[COLLECTED DATA Boundary: Start]

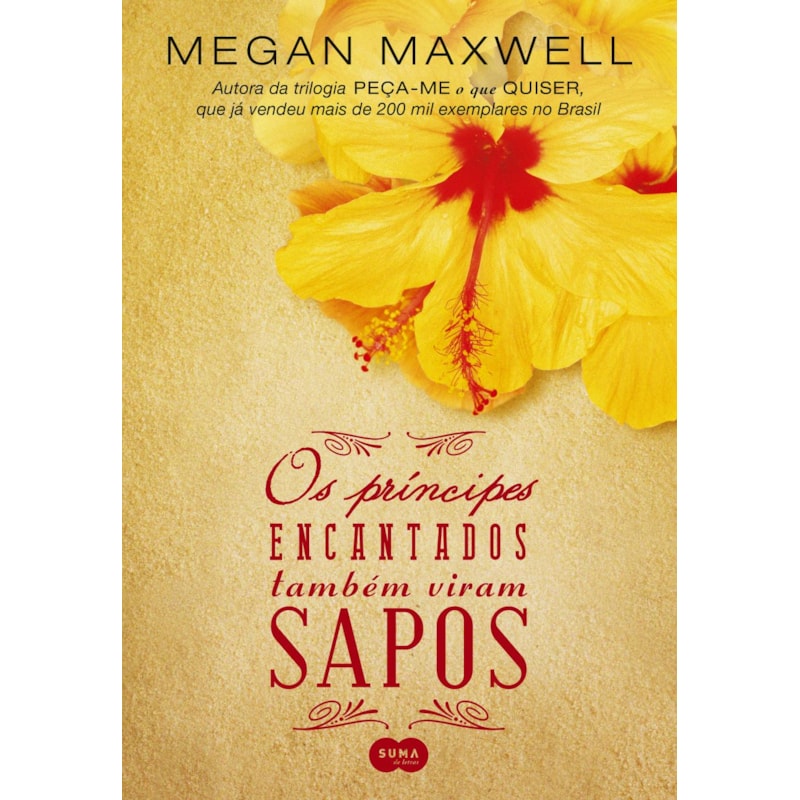 OS PRÍNCIPES ENCANTADOS TAMBÉM VIRAM SAPOS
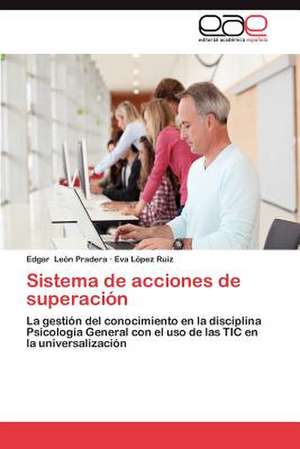 Sistema de Acciones de Superacion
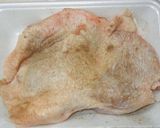 極超簡単・鶏モモ肉のソテー作り方1写真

[COLLECTED DATA Boundary: End]

TASK DIRECTIONS:
Word-for-word restatement: every line from the one with "Sistema de Acciones de Superacion" through the final line of the data, both ends included, pictures excluded.

RESPONSE FOR THIS EXERCISE:
 Sistema de Acciones de Superacion
 極超簡単・鶏モモ肉のソテー作り方1写真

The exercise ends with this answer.